# Applying GRPO to DeepSeek-R1-Distill-Qwen-1.5B with LIMO Dataset

This notebook provides a step-by-step tutorial for applying **Generalized Reinforcement Policy Optimization (GRPO)** to the distilled model **DeepSeek-R1-Distill-Qwen-1.5B** using the high-quality LIMO dataset. We will cover:

1. **Setup & Installation** – Installing dependencies and verifying GPU availability.
2. **Model & Dataset Preparation** – Loading the model, tokenizer, and dataset, and formatting prompts.
3. **Reinforcement Learning Fine-Tuning (GRPO)** – Implementing a simplified GRPO training loop, including reward computation and KL regularization.
4. **Evaluation & Performance Metrics** – Demonstrating how to evaluate the fine-tuned model on benchmark tasks.
5. **Hyperparameter Ablations & Future Directions** – Discussion on tuning and potential improvements.

Let's begin!

## 1. Setup & Installation

We first install the necessary libraries including PyTorch, Hugging Face Transformers, TRL (for reinforcement learning), the Datasets library, and bitsandbytes for 8-bit optimization. Then, we verify that a GPU is available.

In [None]:
!pip install transformers==4.48.2 trl==0.15.0.dev0 datasets bitsandbytes accelerate

In [None]:
import torch
print("Torch version:", torch.__version__)
if torch.cuda.is_available():
    device_name = torch.cuda.get_device_name(0)
    print("GPU detected:", device_name)
    # Enable TF32 for faster matrix multiplication on supported GPUs
    torch.backends.cuda.matmul.allow_tf32 = True
else:
    print("No GPU found. Please enable a GPU runtime for training.")

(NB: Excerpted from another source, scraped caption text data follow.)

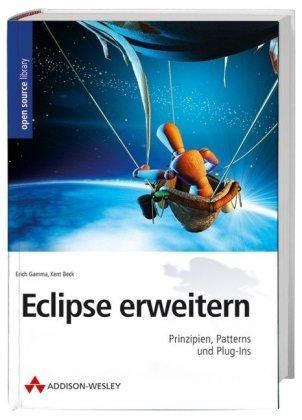 Eclipse erweitern: Prinzipien, Plugins und Patterns (Open Source Library)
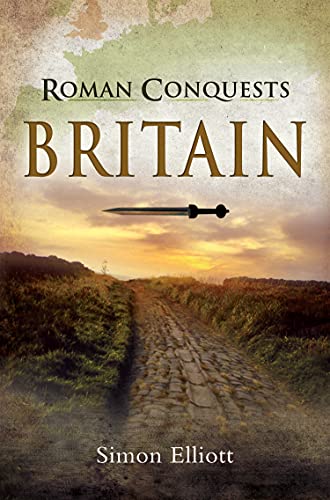 Roman Conquests: Britain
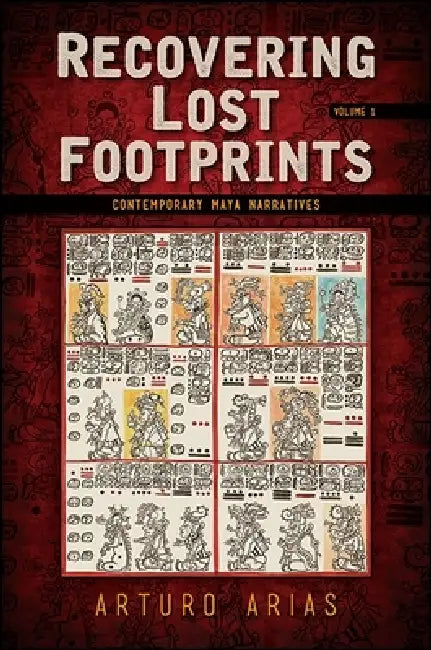 Recovering Lost Footprints: Contemporary Maya Narratives by Arturo Arias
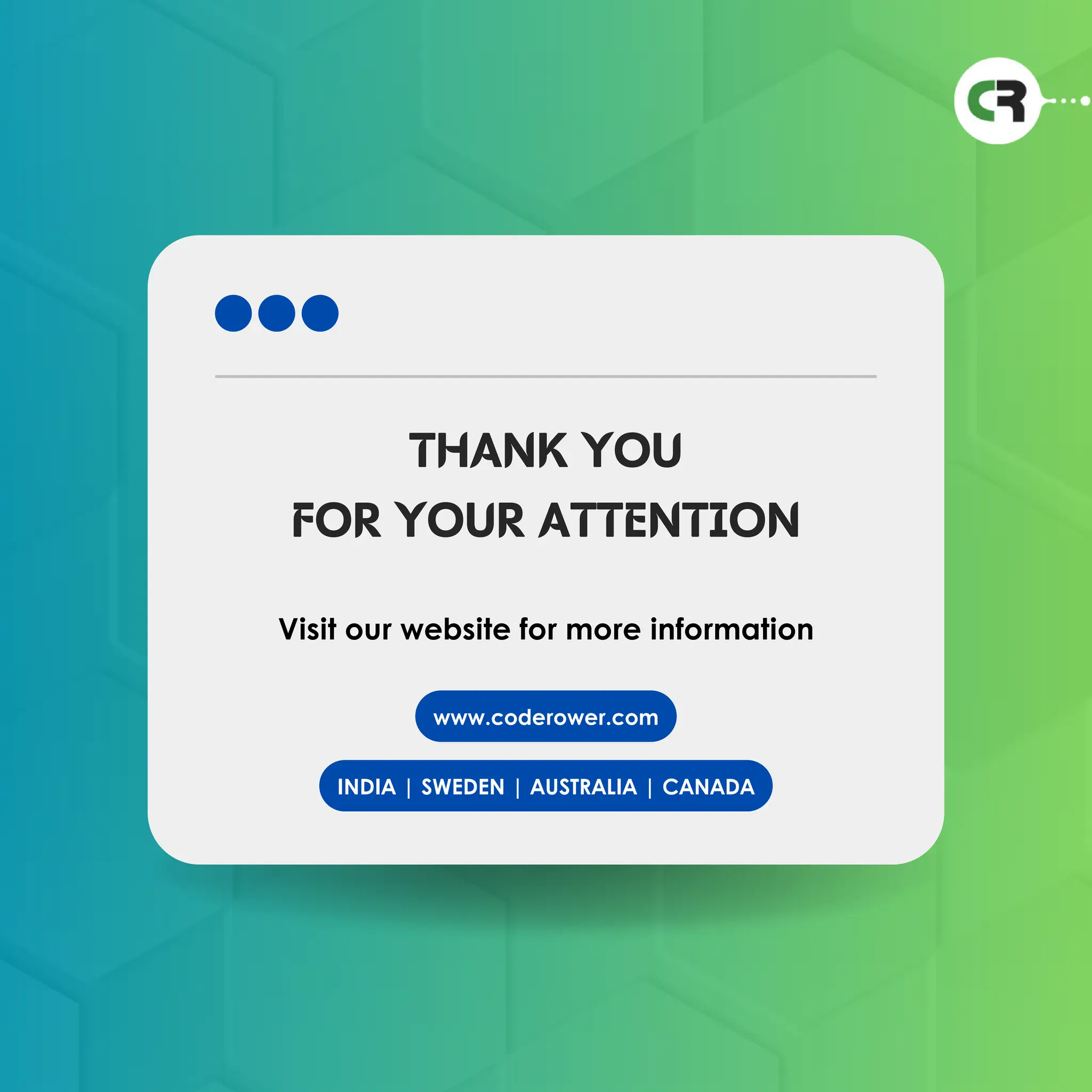 THANK YOU
FOR YOUR ATTENTION
Visit our website for more information
www.coderower.com
INDIA | SWEDEN | AUSTRALIA | CANADA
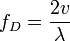  f_D = \frac {2v}{\lambda}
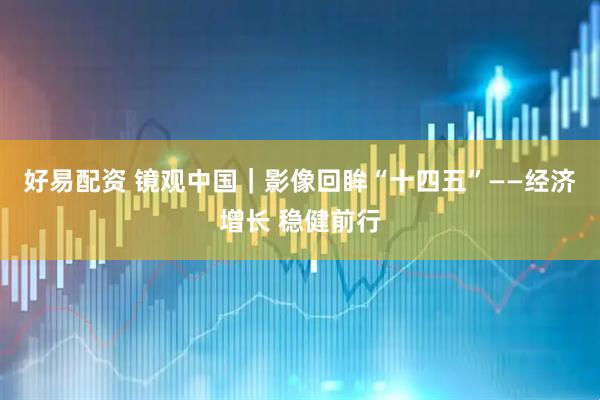 好易配资 镜观中国｜影像回眸“十四五”——经济增长 稳健前行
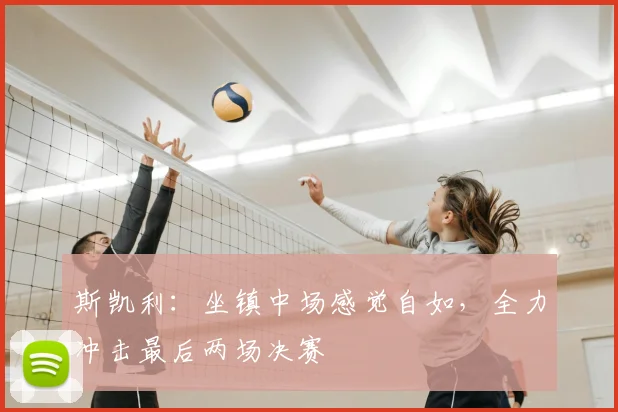 斯凯利：坐镇中场感觉自如，全力冲击最后两场决赛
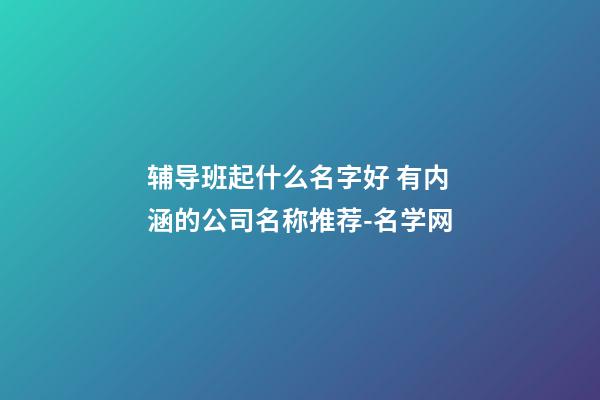 辅导班起什么名字好 有内涵的公司名称推荐-名学网-第1张-公司起名-玄机派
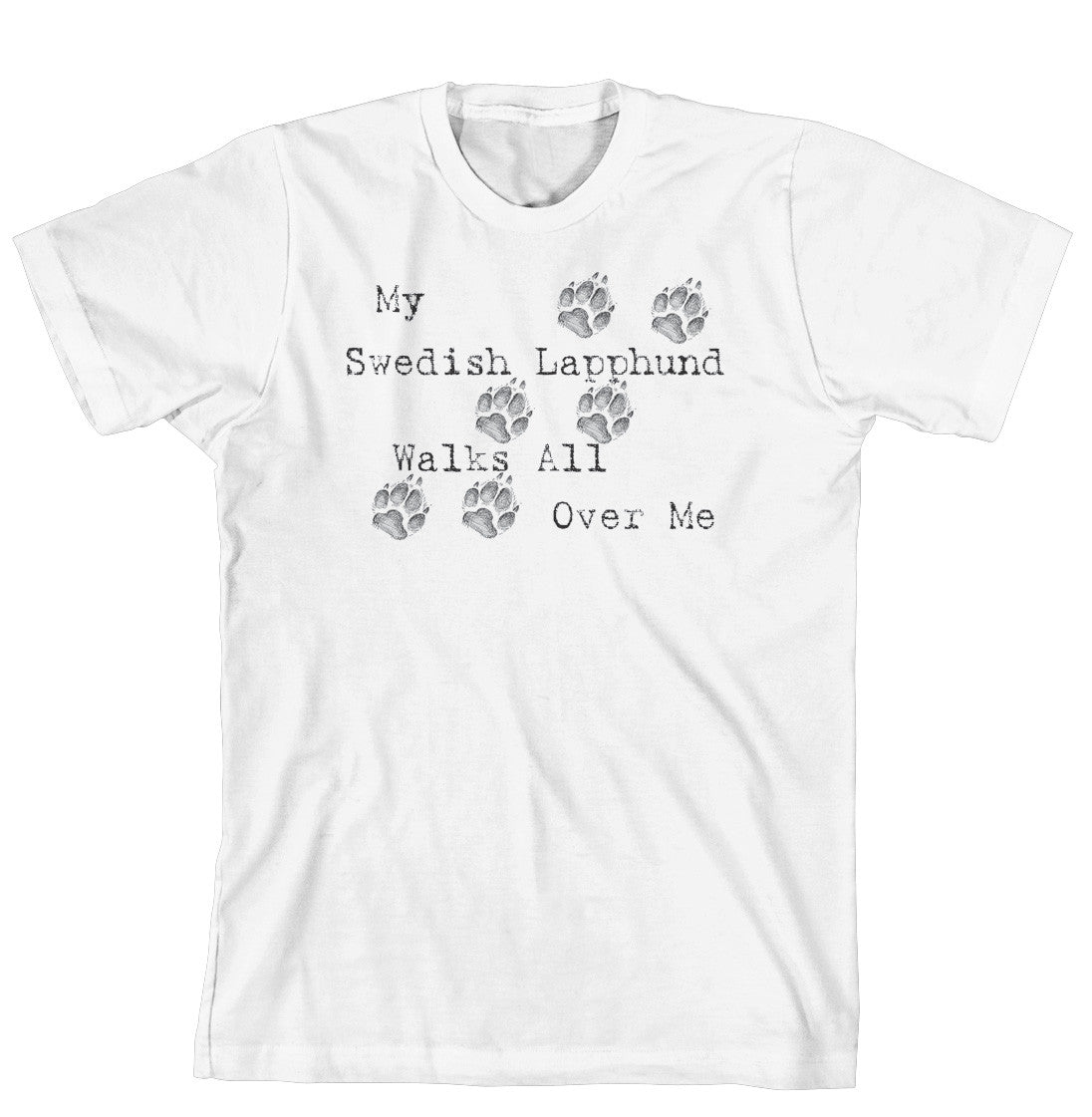 Purple Turtle Gifts - My Swedish Lapphund Walks All Over Me T-Shirt
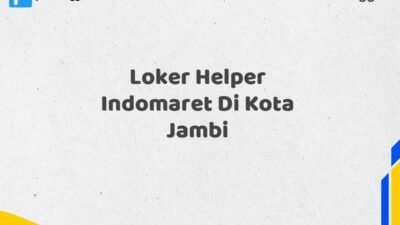 Loker Helper Indomaret Di Kota Jambi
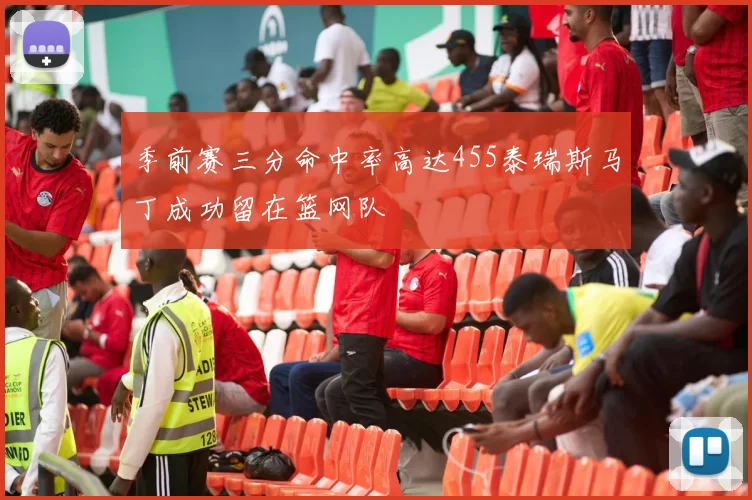 季前赛三分命中率高达455泰瑞斯马丁成功留在篮网队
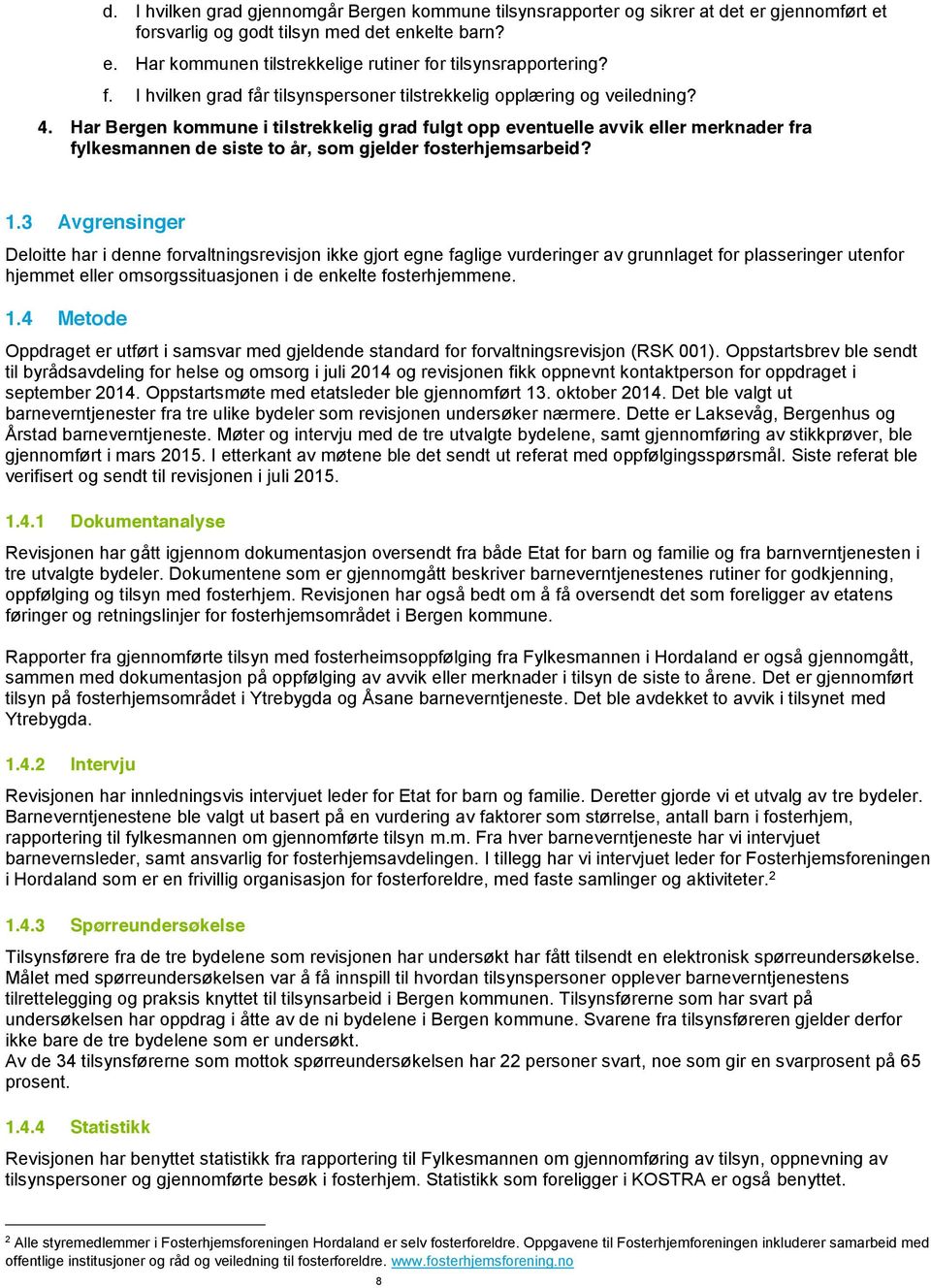 Har Bergen kommune i tilstrekkelig grad fulgt opp eventuelle avvik eller merknader fra fylkesmannen de siste to år, som gjelder fosterhjemsarbeid? 1.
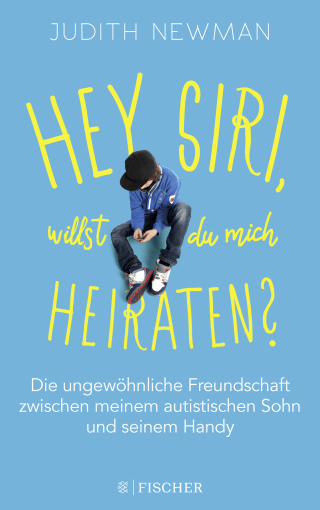 Buchcover von Hey Siri, willst du mich heiraten?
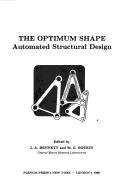 Cover of: The Optimum Shape:Automated Structural Design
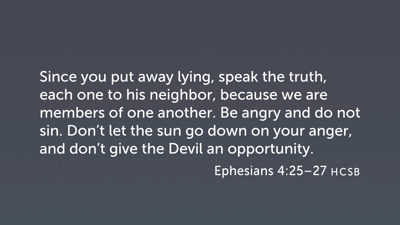 On Speaking Truth and Righteous Anger (Eph 4:25–27)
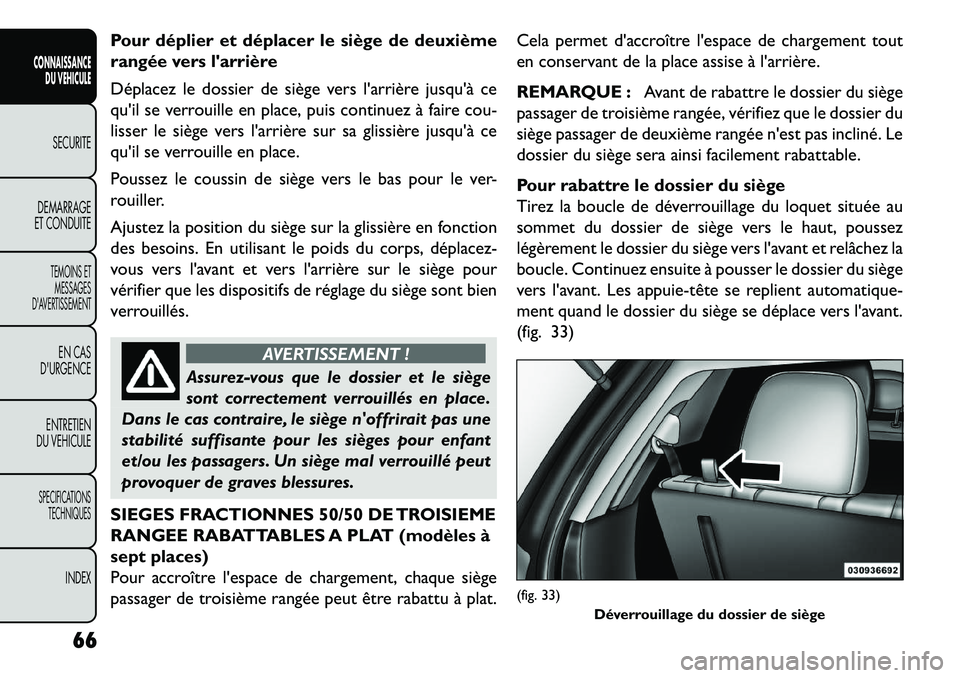 FIAT FREEMONT 2013  Notice dentretien (in French) Pour déplier et déplacer le siège de deuxième
rangée vers larrière
Déplacez le dossier de siège vers larrière jusquà ce
quil se verrouille en place, puis continuez à faire cou-
lisser l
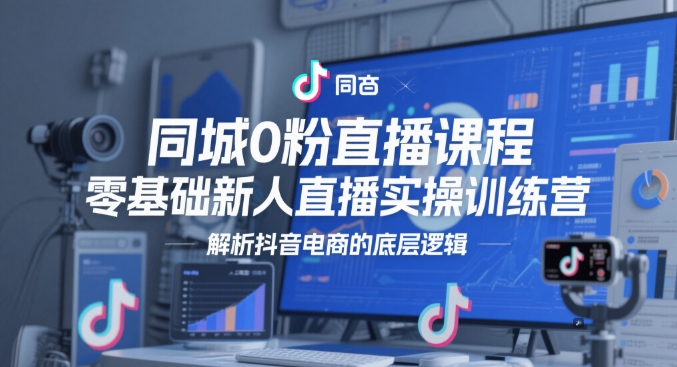 同城0粉直播课程,零基础新人直播实操训练营,解析抖音电商的底层逻辑-一起发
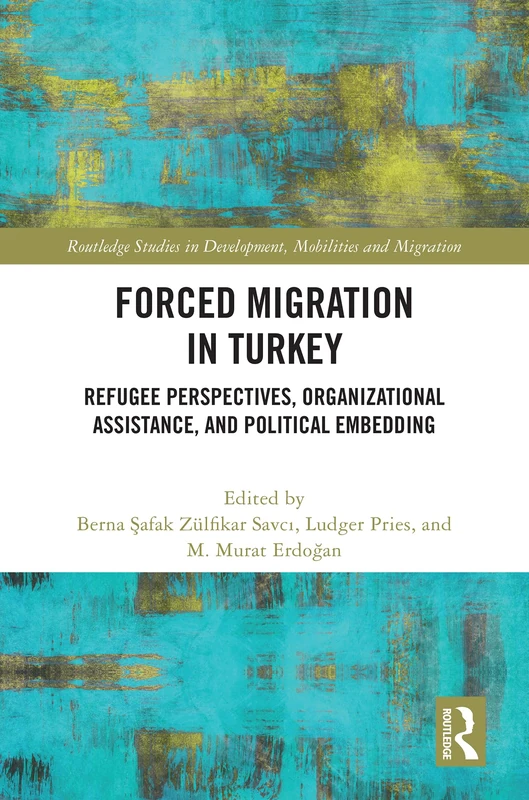Forced Migration in Turkey: Refugee Perspectives, Organizational Assistance, and Political Embedding (Routledge Studies in Development, Mobilities and Migration)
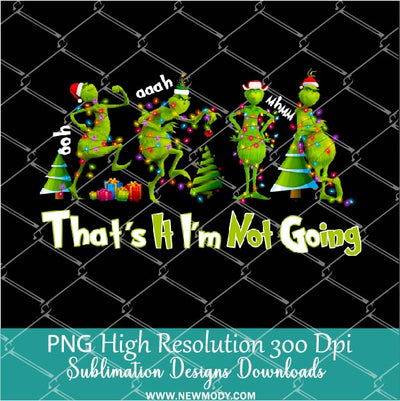 That's it I'm not going Funny Grinch PNG ,Grinchmas Sublimation &amp; DTF T-Shirt Design Digital Download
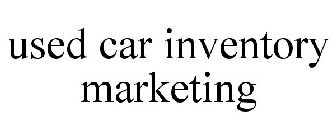 USED CAR INVENTORY MARKETING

## 2. Model & Dataset Preparation

We now load the **DeepSeek-R1-Distill-Qwen-1.5B** model and its tokenizer from Hugging Face, and load the LIMO dataset. The dataset consists of high-quality reasoning samples with a `question`, a detailed `solution`, and the final `answer`.

We also define a helper function `format_prompt` that formats the question into a prompt instructing the model to output a reasoning chain and final answer using the tags `<think>` and `<answer>`.

In [None]:
from transformers import AutoModelForCausalLM, AutoTokenizer

model_name = "deepseek-ai/DeepSeek-R1-Distill-Qwen-1.5B"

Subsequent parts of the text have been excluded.